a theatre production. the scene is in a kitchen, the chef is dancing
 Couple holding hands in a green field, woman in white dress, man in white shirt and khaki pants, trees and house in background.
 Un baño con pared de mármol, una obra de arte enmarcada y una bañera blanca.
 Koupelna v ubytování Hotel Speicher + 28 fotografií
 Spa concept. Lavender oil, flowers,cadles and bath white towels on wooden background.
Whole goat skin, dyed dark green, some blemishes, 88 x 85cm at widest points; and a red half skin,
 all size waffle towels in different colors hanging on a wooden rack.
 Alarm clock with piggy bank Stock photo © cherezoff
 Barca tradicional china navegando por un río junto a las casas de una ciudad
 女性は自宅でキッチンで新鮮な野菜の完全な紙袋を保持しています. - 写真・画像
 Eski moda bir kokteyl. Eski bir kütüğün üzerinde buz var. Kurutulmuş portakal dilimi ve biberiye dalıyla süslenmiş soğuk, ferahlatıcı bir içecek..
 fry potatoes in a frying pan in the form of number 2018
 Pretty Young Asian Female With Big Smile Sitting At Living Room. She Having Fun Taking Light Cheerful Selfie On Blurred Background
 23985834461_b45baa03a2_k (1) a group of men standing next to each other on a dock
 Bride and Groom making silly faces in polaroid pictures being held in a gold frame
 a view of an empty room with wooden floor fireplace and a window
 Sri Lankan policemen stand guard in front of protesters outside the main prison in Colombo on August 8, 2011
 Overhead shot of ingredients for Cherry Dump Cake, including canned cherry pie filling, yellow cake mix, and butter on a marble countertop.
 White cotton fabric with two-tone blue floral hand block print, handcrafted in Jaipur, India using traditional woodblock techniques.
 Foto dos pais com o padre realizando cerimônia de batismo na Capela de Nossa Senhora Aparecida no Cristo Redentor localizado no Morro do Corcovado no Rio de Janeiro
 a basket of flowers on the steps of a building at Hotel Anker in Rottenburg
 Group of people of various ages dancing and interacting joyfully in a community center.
########
Work instructions. Every line with the string "green" in the material should be returned.

Answer box.
 Couple holding hands in a green field, woman in white dress, man in white shirt and khaki pants, trees and house in background.
Whole goat skin, dyed dark green, some blemishes, 88 x 85cm at widest points; and a red half skin,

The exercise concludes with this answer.